BEGIN EXCERPTED DATA

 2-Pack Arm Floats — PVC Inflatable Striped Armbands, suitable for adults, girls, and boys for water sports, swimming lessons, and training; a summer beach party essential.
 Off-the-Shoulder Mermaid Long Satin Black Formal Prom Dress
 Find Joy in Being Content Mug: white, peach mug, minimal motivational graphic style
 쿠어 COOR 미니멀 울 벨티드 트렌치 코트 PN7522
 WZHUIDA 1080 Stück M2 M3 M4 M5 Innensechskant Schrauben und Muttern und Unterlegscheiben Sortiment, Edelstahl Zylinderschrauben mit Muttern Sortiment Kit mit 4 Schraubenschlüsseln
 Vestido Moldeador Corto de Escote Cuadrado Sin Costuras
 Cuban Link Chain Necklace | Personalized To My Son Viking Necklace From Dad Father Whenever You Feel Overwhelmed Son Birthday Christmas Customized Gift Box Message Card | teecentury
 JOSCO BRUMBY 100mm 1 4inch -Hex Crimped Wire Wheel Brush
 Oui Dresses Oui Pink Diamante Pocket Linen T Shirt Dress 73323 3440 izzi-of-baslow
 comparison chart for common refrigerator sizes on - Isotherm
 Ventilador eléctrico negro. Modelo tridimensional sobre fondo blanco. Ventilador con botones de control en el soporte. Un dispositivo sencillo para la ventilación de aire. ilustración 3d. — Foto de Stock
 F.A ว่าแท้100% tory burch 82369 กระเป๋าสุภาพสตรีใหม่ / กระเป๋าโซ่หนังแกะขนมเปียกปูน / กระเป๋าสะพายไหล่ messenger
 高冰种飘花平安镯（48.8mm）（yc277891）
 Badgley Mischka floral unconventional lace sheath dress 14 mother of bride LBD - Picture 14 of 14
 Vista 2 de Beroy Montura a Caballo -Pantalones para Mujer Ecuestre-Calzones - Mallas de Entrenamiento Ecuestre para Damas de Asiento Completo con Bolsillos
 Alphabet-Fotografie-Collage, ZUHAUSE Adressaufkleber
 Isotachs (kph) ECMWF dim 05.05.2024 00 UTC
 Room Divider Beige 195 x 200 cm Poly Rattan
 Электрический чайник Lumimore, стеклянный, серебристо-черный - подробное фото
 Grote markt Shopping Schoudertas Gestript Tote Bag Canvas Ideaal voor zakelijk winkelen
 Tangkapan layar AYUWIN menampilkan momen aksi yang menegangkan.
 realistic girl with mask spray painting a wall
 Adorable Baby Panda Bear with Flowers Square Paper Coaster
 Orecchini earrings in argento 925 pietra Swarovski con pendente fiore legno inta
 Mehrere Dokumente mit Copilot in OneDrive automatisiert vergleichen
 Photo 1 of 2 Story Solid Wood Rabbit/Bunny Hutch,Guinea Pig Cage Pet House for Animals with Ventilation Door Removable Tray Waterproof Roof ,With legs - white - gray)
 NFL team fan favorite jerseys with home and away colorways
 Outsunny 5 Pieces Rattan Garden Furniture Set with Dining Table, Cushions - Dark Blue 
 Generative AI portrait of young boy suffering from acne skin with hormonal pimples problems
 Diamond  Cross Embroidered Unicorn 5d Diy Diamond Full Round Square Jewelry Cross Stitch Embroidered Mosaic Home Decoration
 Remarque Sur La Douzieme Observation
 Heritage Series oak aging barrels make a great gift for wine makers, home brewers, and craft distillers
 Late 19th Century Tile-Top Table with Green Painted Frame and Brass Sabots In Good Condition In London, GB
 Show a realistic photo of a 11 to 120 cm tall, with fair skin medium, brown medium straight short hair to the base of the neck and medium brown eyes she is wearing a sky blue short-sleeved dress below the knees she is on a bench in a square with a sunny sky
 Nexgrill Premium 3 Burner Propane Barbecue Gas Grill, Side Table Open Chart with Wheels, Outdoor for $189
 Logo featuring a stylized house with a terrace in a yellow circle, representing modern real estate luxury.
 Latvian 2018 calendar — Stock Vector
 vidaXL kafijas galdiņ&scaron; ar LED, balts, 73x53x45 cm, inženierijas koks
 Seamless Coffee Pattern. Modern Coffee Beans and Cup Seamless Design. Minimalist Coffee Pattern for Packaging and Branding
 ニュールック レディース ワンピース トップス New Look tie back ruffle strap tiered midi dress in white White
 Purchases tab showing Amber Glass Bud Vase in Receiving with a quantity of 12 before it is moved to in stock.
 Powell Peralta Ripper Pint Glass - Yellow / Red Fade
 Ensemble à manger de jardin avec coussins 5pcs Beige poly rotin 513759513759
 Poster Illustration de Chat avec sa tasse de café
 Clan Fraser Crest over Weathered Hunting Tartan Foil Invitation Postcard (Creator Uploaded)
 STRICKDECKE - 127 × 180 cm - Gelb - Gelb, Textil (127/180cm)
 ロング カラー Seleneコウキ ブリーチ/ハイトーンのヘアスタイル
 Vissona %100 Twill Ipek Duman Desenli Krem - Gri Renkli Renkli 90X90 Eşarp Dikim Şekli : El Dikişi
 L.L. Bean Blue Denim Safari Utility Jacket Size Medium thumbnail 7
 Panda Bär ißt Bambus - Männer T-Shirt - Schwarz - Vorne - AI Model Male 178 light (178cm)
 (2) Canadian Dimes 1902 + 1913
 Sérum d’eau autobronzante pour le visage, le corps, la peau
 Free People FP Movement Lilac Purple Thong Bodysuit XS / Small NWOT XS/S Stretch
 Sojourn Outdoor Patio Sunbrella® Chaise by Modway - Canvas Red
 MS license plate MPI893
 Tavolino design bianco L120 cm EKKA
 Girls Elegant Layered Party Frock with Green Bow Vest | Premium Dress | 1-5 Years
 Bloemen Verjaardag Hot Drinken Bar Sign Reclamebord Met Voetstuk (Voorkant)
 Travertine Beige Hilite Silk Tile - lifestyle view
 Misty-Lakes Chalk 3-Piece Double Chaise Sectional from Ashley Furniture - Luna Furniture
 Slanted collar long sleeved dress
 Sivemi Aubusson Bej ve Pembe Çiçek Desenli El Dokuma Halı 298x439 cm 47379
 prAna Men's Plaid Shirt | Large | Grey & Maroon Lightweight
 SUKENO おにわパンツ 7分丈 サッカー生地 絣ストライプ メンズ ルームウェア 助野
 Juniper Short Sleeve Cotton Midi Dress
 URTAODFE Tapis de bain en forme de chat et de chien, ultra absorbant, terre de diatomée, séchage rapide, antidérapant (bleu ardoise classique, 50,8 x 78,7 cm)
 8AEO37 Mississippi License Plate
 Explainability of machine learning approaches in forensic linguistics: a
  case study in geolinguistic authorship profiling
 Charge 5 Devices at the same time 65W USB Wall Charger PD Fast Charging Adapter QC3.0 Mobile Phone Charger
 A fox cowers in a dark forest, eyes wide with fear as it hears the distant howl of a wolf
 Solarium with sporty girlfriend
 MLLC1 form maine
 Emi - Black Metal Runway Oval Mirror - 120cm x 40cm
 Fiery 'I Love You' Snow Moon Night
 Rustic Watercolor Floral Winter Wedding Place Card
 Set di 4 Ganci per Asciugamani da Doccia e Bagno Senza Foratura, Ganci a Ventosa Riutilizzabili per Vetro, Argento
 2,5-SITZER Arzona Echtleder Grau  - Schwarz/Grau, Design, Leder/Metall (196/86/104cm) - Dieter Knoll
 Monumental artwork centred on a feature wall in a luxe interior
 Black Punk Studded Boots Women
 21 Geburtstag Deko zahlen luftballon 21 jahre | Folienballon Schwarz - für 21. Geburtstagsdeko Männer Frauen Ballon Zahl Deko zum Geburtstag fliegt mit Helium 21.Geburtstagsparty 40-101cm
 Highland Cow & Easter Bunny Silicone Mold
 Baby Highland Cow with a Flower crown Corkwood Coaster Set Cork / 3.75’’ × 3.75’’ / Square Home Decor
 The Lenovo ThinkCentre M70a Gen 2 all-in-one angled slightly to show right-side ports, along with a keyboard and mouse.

END EXCERPTED DATA

**TASK BRIEF:**
Retype, exactly and in full, the lines above from the one containing "Monumental artwork centred" through the one containing "Baby Highland Cow".

**FINAL ANSWER:**
 Monumental artwork centred on a feature wall in a luxe interior
 Black Punk Studded Boots Women
 21 Geburtstag Deko zahlen luftballon 21 jahre | Folienballon Schwarz - für 21. Geburtstagsdeko Männer Frauen Ballon Zahl Deko zum Geburtstag fliegt mit Helium 21.Geburtstagsparty 40-101cm
 Highland Cow & Easter Bunny Silicone Mold
 Baby Highland Cow with a Flower crown Corkwood Coaster Set Cork / 3.75’’ × 3.75’’ / Square Home Decor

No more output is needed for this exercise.